Due to non-Gaussian distribution patterns of the results, non-parametric tests (Mann-Whitney U and Kruskal-Wallis tests) were applied to test for significant microRNA level differences of the compared groups. Transcript level differences were considered to be significant when means of the RNU44/48-double-normalized RQ sets displayed a p-value <0.05. Additional analyses implied a non-supervised cluster analysis (Ward method on squared Euclidic distances) and an analysis for the creation of a discriminant function on the TP group and the TN-hPSA group, implying all individuals with complete quantification results of the included microRNAs. Sensitivities and specificities were compared by ROC curves. Statistic evaluation was performed using Microsoft Excel and SPSS.

4. Conclusions

In our previous study, we found indications for the existence of a gene transcription phenotype in histologically normal prostate tissue, indicating neighboring tumors [3]. Here, the identification of a microRNA signature with similar properties expands these possibilities, as tests on microRNAs have some methodological advantages compared to mRNAs (microRNAs are less sensitive to tissue degradation [26] and fixation and are degraded less rapidly—microRNA tests, thus, could be more successful, even after formalin fixation and/or after prolonged storage of prostate tissues). Additionally, due to their diminutive length, microRNAs diffuse easily through cellular and tissue barriers, leading to organ-wide extracellular microRNA levels, which could reflect particular microRNA signatures in dispersed tumor foci. In this way, the local measurement of cancer-typical microRNA patterns in unsuspicious tissue compartments could indicate tumors in the vicinity.
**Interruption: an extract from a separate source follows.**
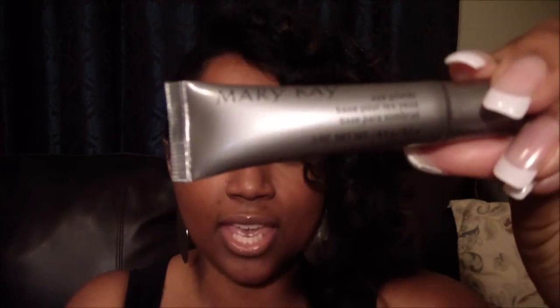In my last video I briefly mentioned the Mary Kay eye primer and this is what it looks like. Now that I've had the opportunity to use it a couple of times I'd like to give it a formal review. So first let's talk about the price — it costs $12, and this is three tenths of an ounce of product, which is pretty typical.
However, our study has some limitations. First, the selection procedure explained in the experimental section missed some miRNAs with a high consensus in newer prostate cancer research, as miR-96, miR-221/222 or miR-205 (miRNAs described as deregulated in mature PCa compared to normal tissues in most profiling studies [27–30]). Hence, comprehensive array screenings are required to obtain inclusive information about the micro-transcriptome in premalignant prostate tissues. Second, our analysis has not been validated on independent collectives so far. It consequently has to be viewed as a pilot study. Finally, studies are lacking that could elucidate the functional role of the studied microRNAs in prostate carcinogenesis.

The clear, significant microRNA level differences found between the compared groups nevertheless give reason to further test our microRNA signature on larger and independent collectives for their applicability as diagnostic surrogate markers in biopsies from patients with elevated PSA serum levels.